The results of this research study can also be used in the design of HMI. Most of the warning in computers are visual warnings. As a result, the visual sensory modality of a computer user is already challenged. If the auditory sensory modality is being reserved for receiving auditory content, visual messages, such as “low battery”, can disturb the user. To solve this, messages can be haptically sent through available computer peripherals such as a mouse or a trackpad. Considering the limits of our senses, using one additional sensory feedback modality can be more suitable. For example, car engine sound provides a lot of information about its condition. However, humans might not have the ability to distinguish between a healthy engine and an ill engine. Therefore, a change in engine sound can be transmitted as visual information for the car operator to examine.

Our findings support the use of more than one sensory feedback in virtual environments to improve task performance. These findings complement existing findings in literature. For example, results from a collaborative virtual environment study show that participants under haptic only condition take longer to complete the task than haptic and verbal condition [10].

5.2 Cognitive Workload

Recent research supports the use of haptic as a communication medium [2830]. Instead of overloading the visual and auditory communication mediums, haptic cues are conveyed to users fixated in a demanding task. For instance, a haptic turn-taking protocol is suggested by [30].

Additionally, utilizing visual feedback poses more cognitive workload as graphical user interface become more complex [31]. It is found that increasing the dimensionality from 2D to 3D in visual interfaces decreases the ability for participants to locate, interact and manipulate objects. To address this problem, the implementation of another feedback mode is necessary to reduce the amount of cognitive workload and ensure effective communication.

This study also investigates the effects of cognitive loading on users’ judgement and the ability of users to recognize an encoded message when they are engaged in another demanding task. The results of the study on workload can specifically be used on communication. In other words, the type of sensory modality used to communicate can, depending on the context, be chosen to effectively convey a message. For instance, a pilot crew is frequently engaged with multiple communications at a time; they communicate with a pilot, in a multi-crew setting, and they communicate with Air Traffic Control (ATC) using an auditory channel. Therefore, a haptic turn-taking protocol, similar to the turn-taking protocol defined in [30], can be used for pilots to relinquish control of the airplane and to acknowledge control of the airplane.

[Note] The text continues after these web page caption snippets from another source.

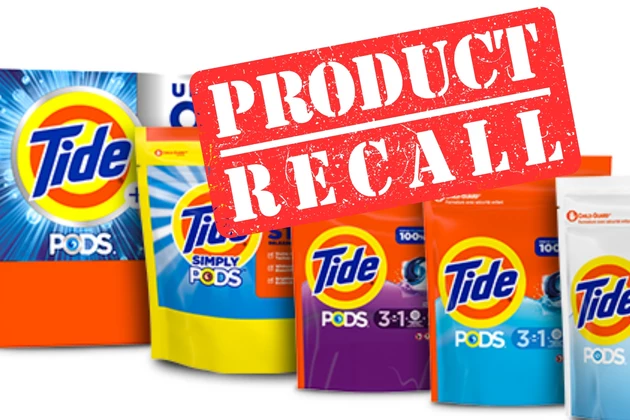 tide cleaning pods packages and the words product recall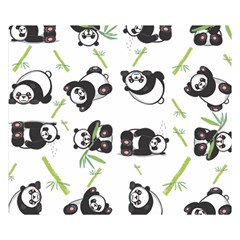 Panda Tile Cute Pattern Double Sided Flano Blanket (small) 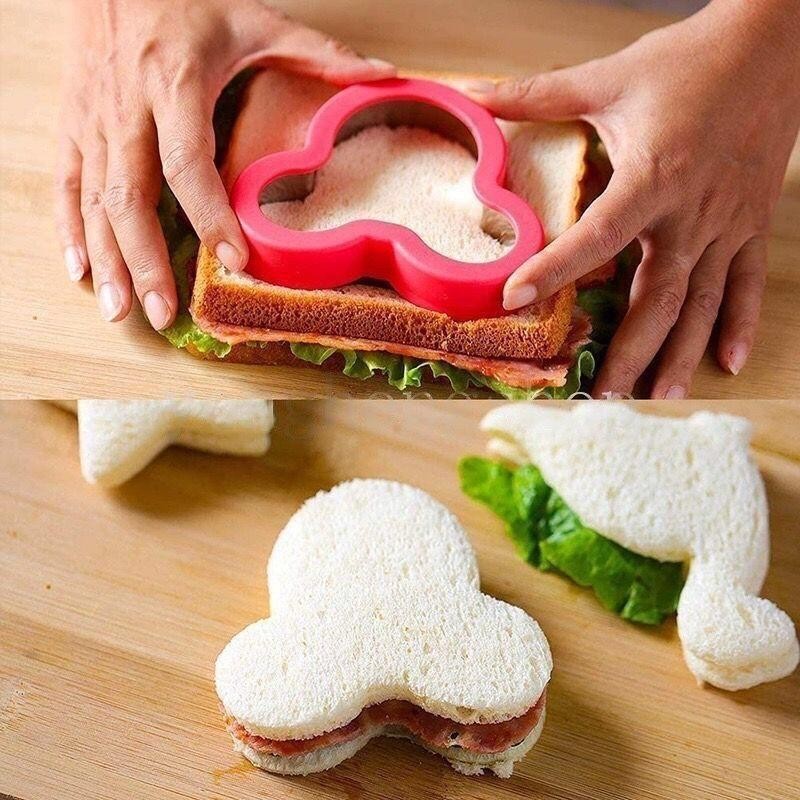 CETAKAN ROTI PEMOTONG BREAD SHAPER SHAPING SANDWICH CUTTER BENTO BEKAL ANAK JEPANG ROTI TAWAR MIKI M
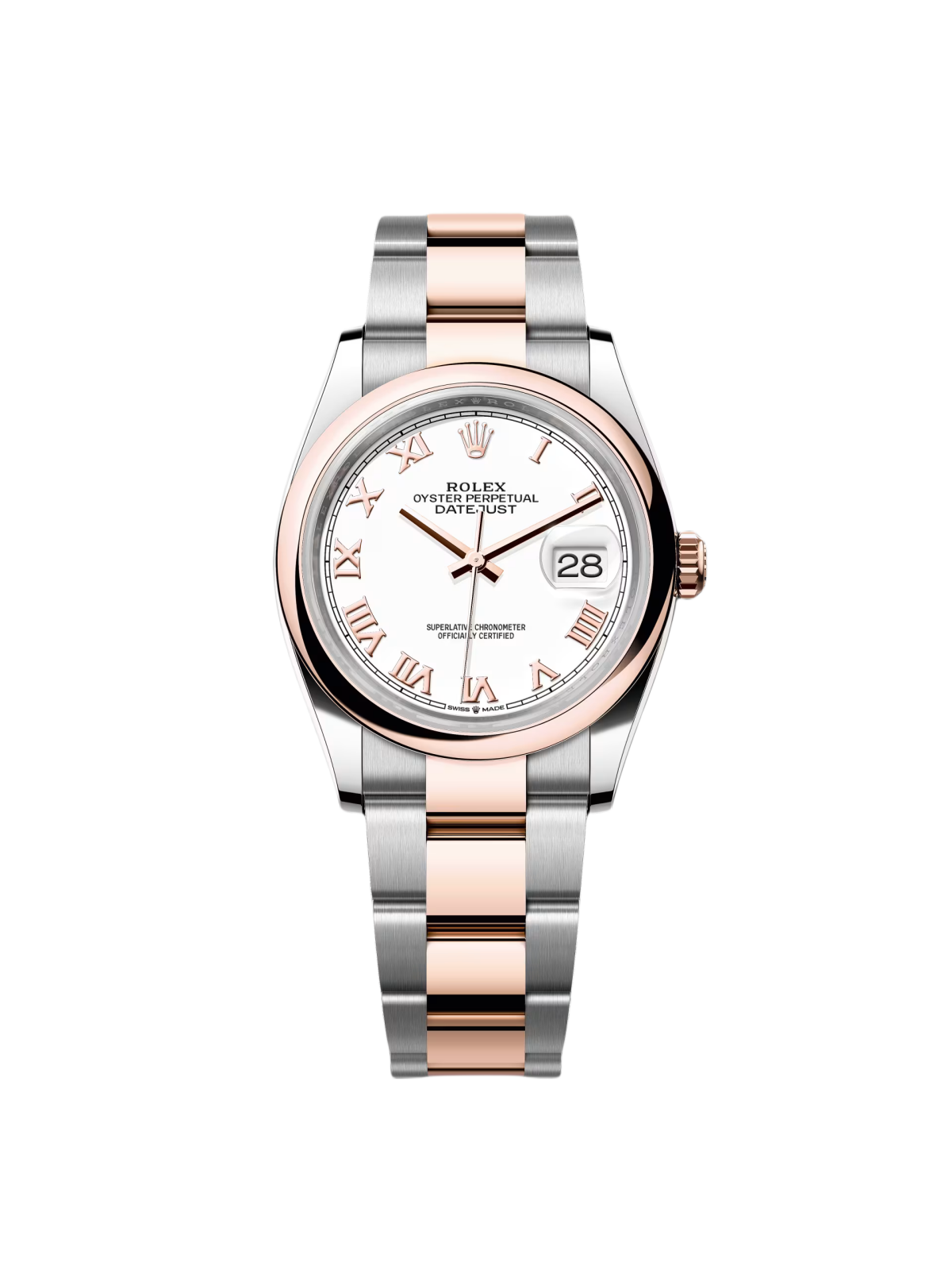 【Free Shipping】【Super Clone】RLX  Datejust 36mm 126201 White Dial Oyster Bracelet Watch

6 Conclusion and Future Work

The information age has inundated communities with information. Thus, humans have to make more decisions very rapidly. Many tools, such as notepads, personal digital assistance (PDAs), and cellphones, have been invented to improve the brain or off-load some of its resources to external functions. Despite the fact that the human brain capacity can store much information, humans have retrieval limitations. Consequently, in highly-demanding safety-critical tasks, a proper feedback and communication model should be implemented to increase human performance and decreased the perceived workload. Our goal in this study is to find the ultimate feedback and communication model. The results of this study supports the hypothesis that there exists combined sensory modalities that has a higher response time and higher accuracy. However, there were some drawbacks in this experiment. The experiment only investigated 2D environments, the second level of collaboration, and a limited range of codes. In the next stage, the environment will be modified to include higher dimensions, higher levels of collaboration and an extended range of code. The future system will provide more information about the differences on different feedback and communication modes.